Raboul Court
The First Garrote settlement had its beginnings in 1849. The earliest permanent building was an adobe trading post established by a Frenchman known as Raboul.
When Raboul built his adobe trading post as a nucleus around which the settlement of First Garrote was destined to grow, he started a long term business; for the building, known for many years as Cassaretto's store.
Reid Circle Mrs. Thomas Reid, lately deceased, was an accepted source of accurate information on the county's early history. She was born in Groveland and, with the exception of one short visits out of state, lived continuously in this, her chosen town, for over ninety years. She was an exceptionally tall, slender woman, sweet-faced and gracious; had seen the better part of a century of excitement in the Mother Lode and remembered a surprising amount.
Questioned about her family she said, 'my father, Martin Jones, came here in '52. Four years later when, at twenty-seven, he got married he built a frame house about a mile northeast of town and lived and died in it. Mother was Margaret McCarty and was heir to a large estate in Ireland but it made no difference in her life as a pioneer. She was married at sixteen and had eleven children without being attended by a doctor. Father was a farmer, freighter and cattleman. There was always plenty to do around the place.

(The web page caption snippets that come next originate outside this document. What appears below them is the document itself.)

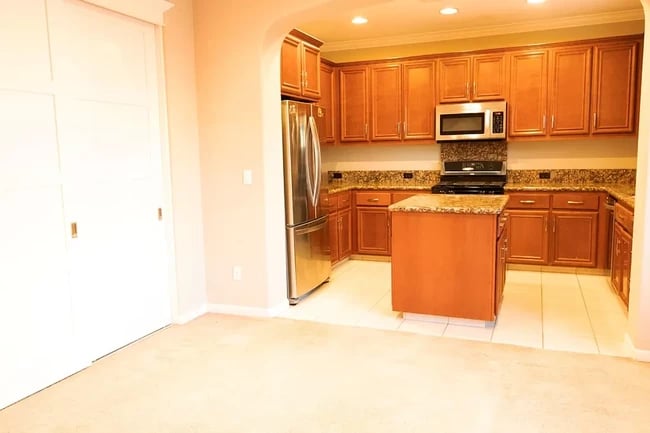 Kitchen with pantry door on the side - 7754 Stoneleaf Rd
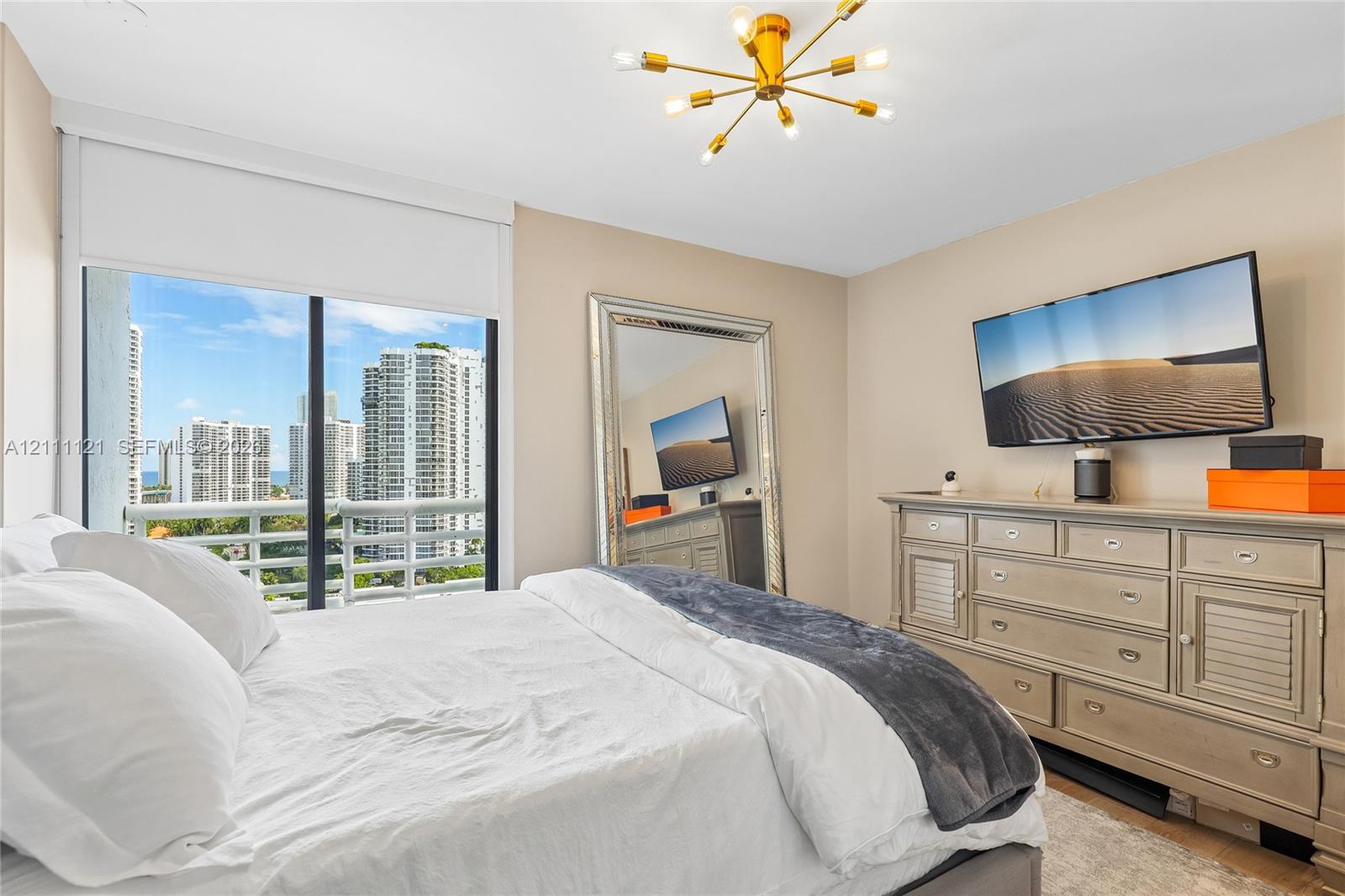 Floor-to-ceiling sliding glass door, private balcony, brass-finish multi-arm light fixture, and neutral wall palette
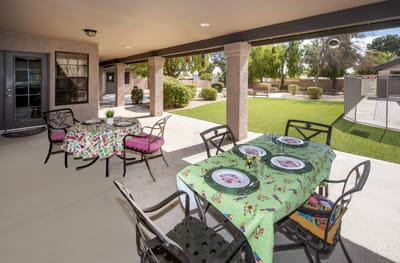 Outdoor dining setup with colorful tablecloths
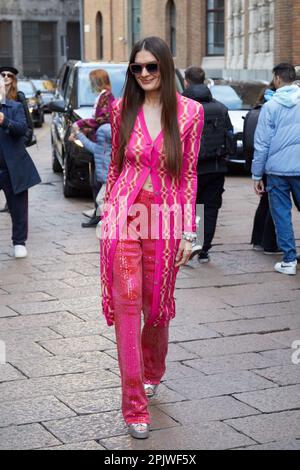 MILAN, ITALY - FEBRUARY 25, 2023: Woman with Pink Jacket with Black Roses  and Black Leggings before Missoni Fashion Show, Milan Editorial Photo -  Image of accessory, pink: 275042826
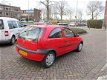 Opel Corsa - 1.2-16V Comfort 1 jaar apk - 1 - Thumbnail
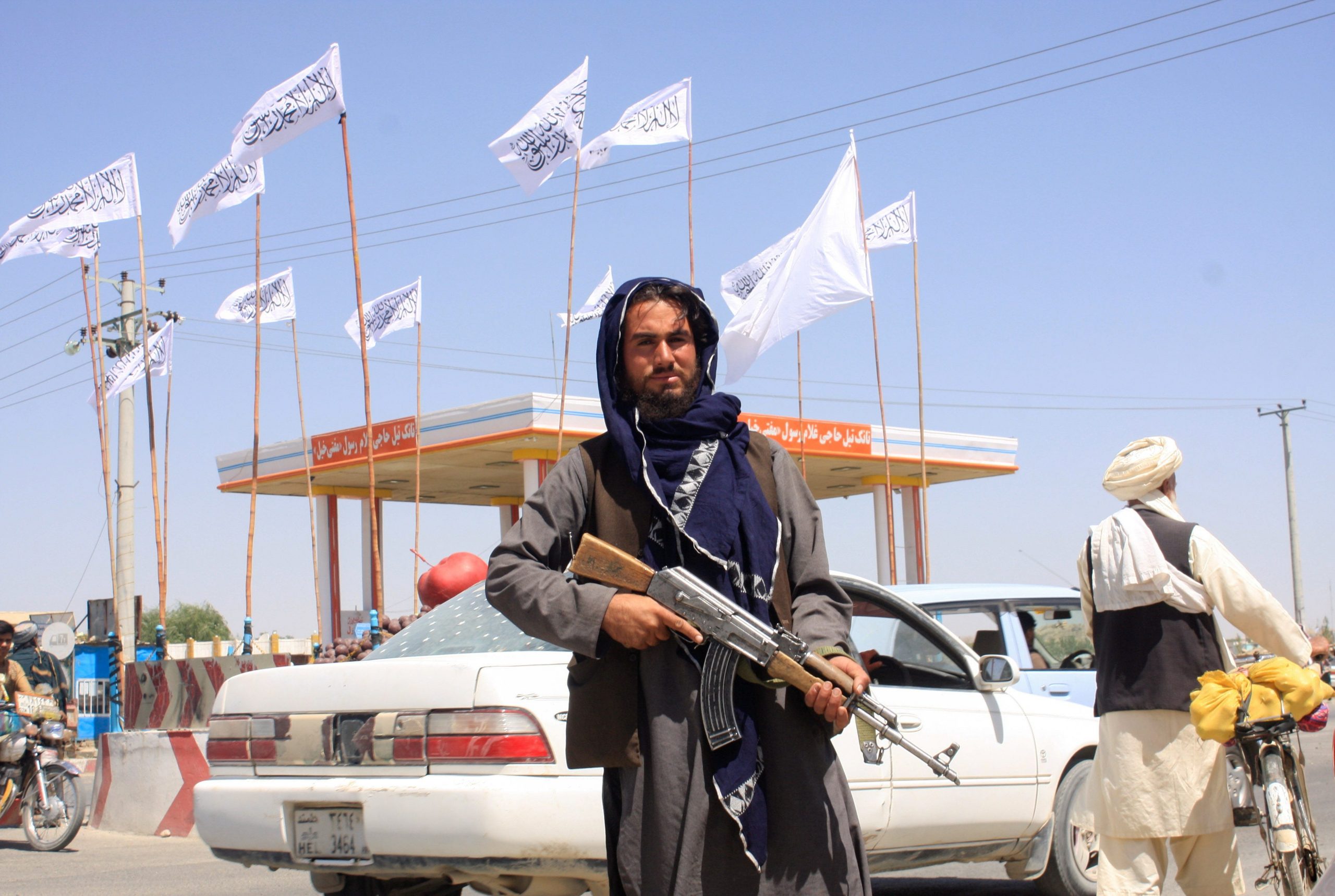 A Taliban fighter looks on as he stands at the city of Ghazni, Afghanistan.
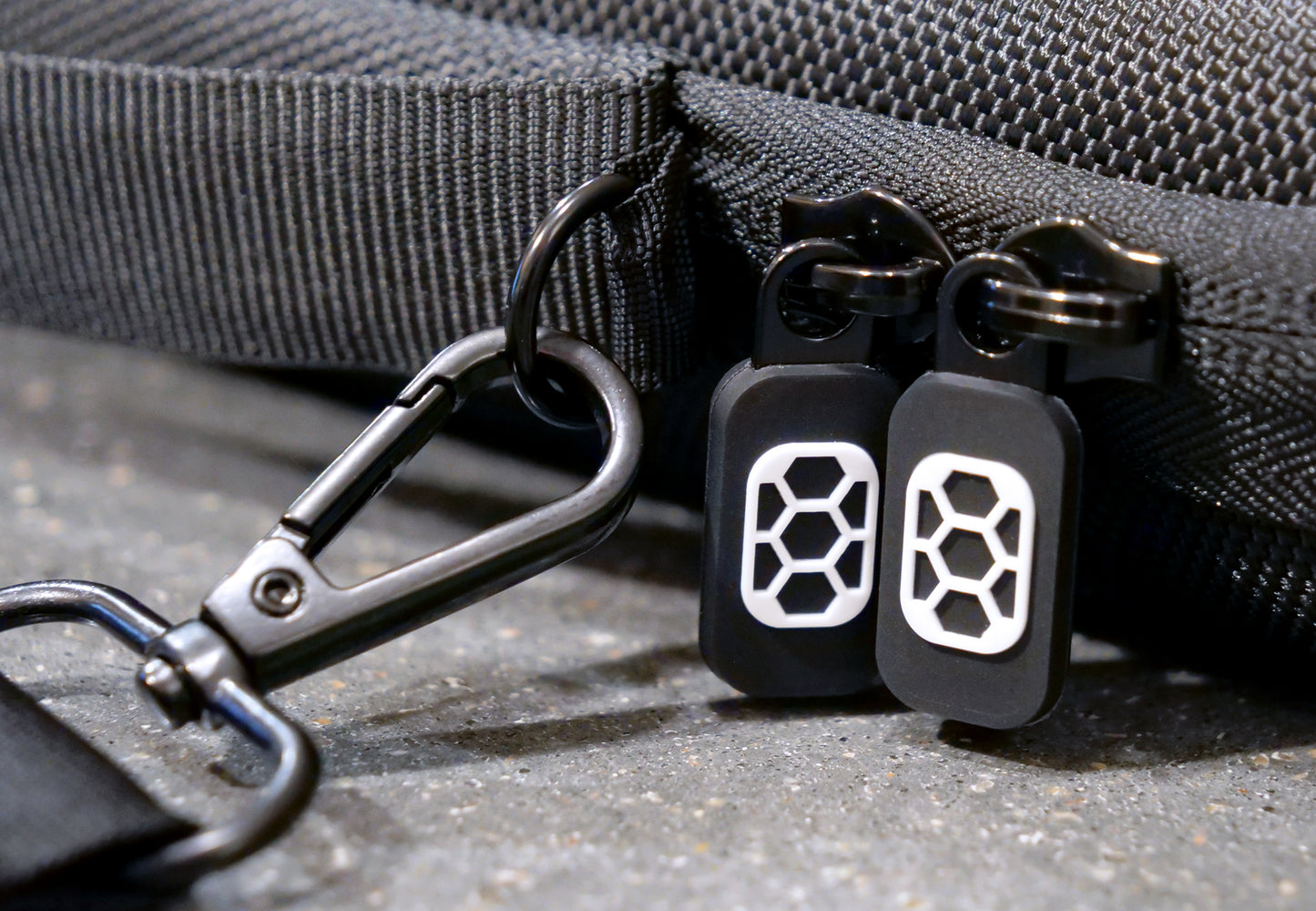 Black shoulder strap and D-Ring sewn into Comic Shell comic travel case, with dark metal hardware. Two black and white Comic Shell logo zipper pulls 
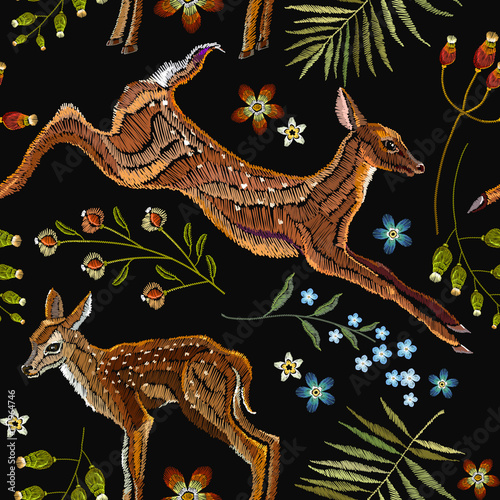 Embroidery deer, spring seamless pattern. Classical forest embroidery autumn leaves, spring flowers, deers outdoors seamless pattern. Fashionable template for design of clothes, t-shirt design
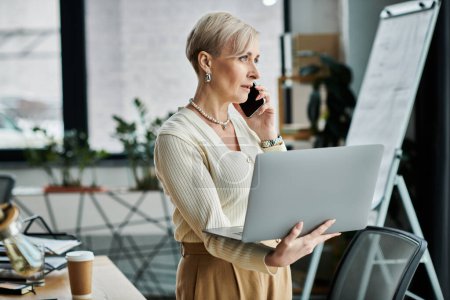 Foto de Una mujer de negocios de mediana edad con el pelo corto habla en un teléfono celular mientras sostiene un ordenador portátil en una oficina moderna. - Imagen libre de derechos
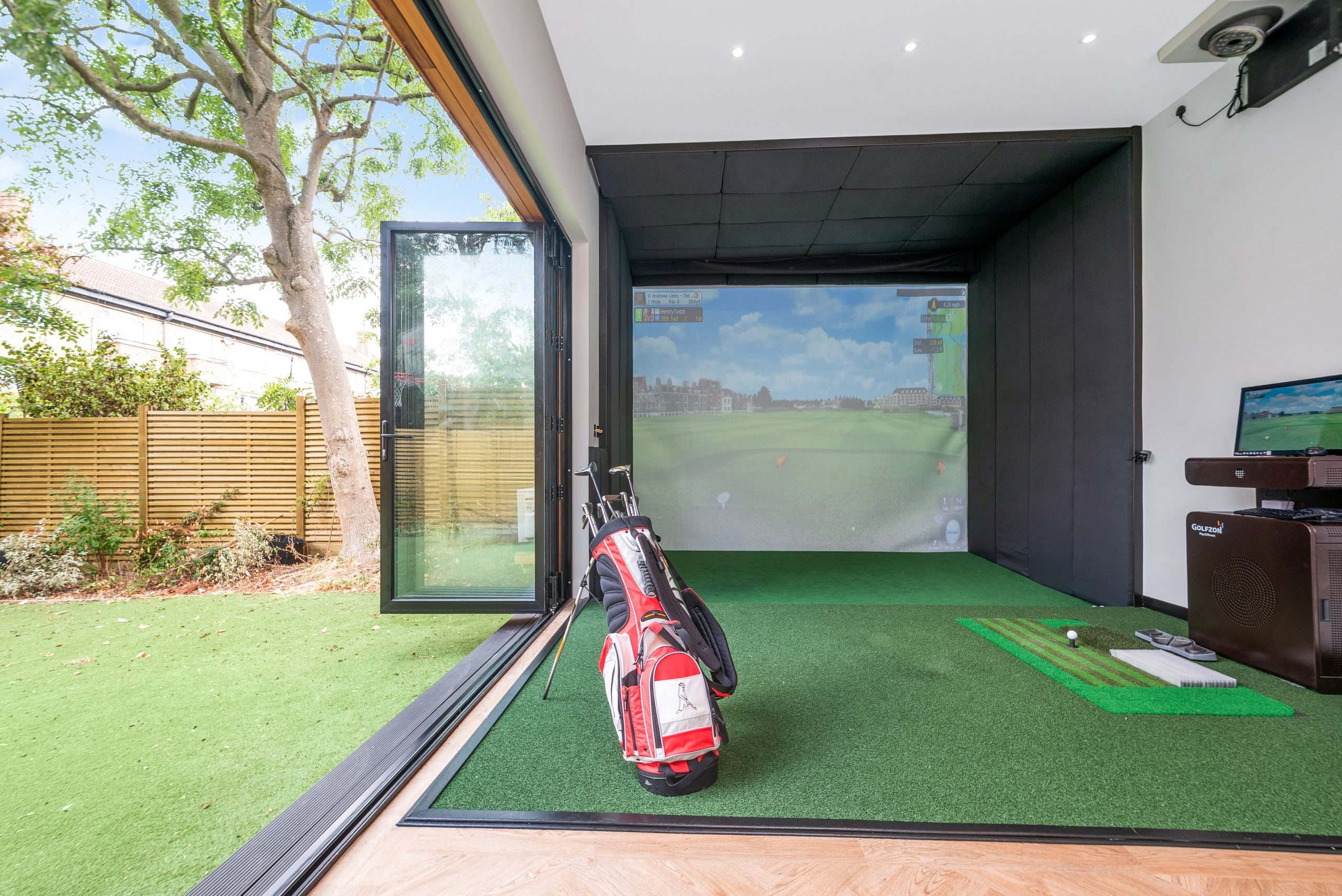 Golf simulator garden room in London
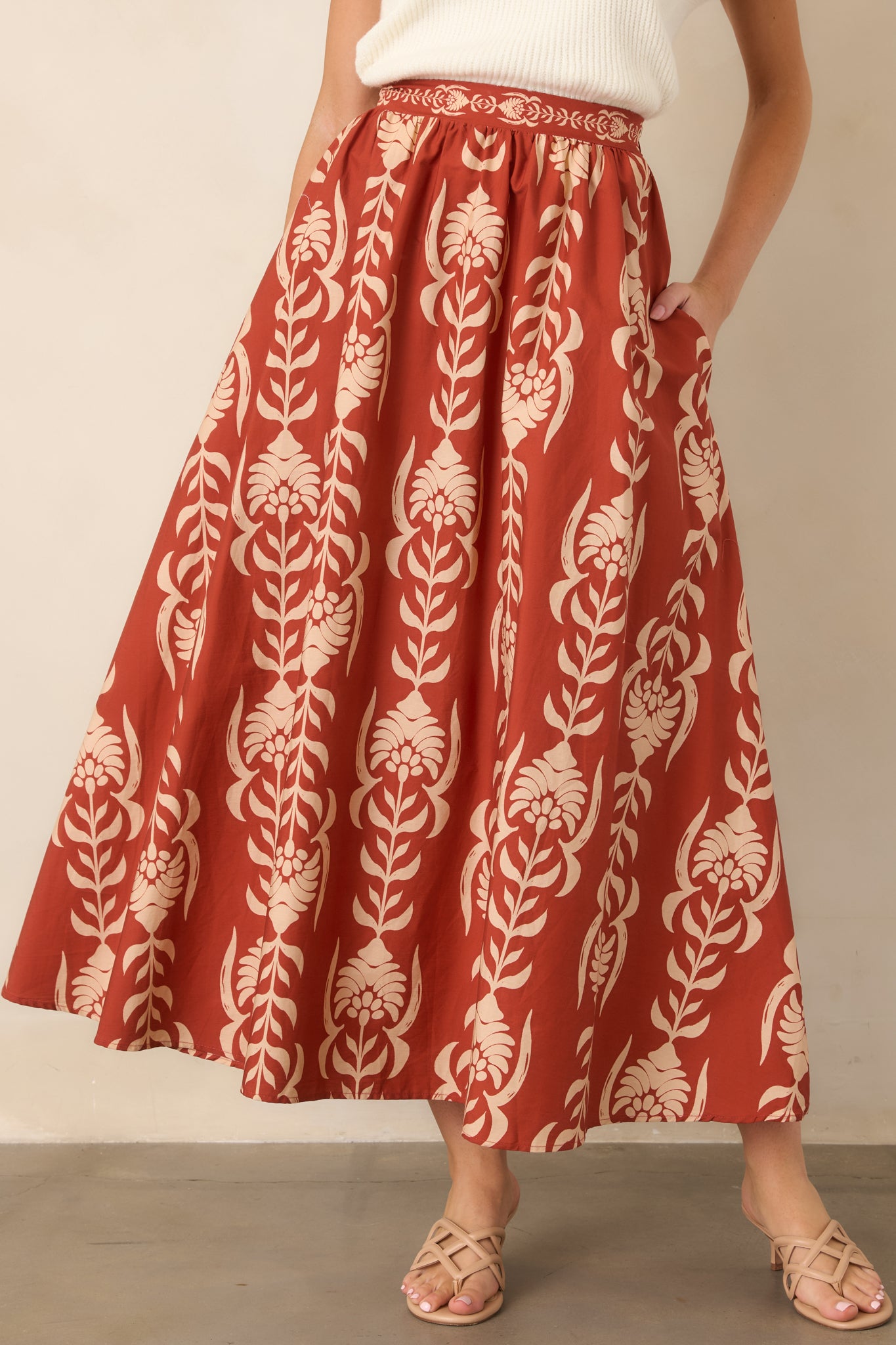 Close view of the cotton skirt highlighting its smooth front waistband and softly flowing A-line shape.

"My husband's father was Thomas C. Reid and he came around the Horn in '49. My husband was Thomas R. Reid. He was born in Garrote in '56 and' when he was thirteen, worked as a guide with the mule train that took tourists into Yosemite.
The Groveland Hotel was the second built in town about '53 or '54. The builders name was George Reid but he was no relative of ours. He sold it to Matthew Foote who ran it for a while in the '70s. My son's name is Thomas also. For over one hundred years now," Mrs. Reid finished with some pride, "there has been a Thomas Reid in Groveland."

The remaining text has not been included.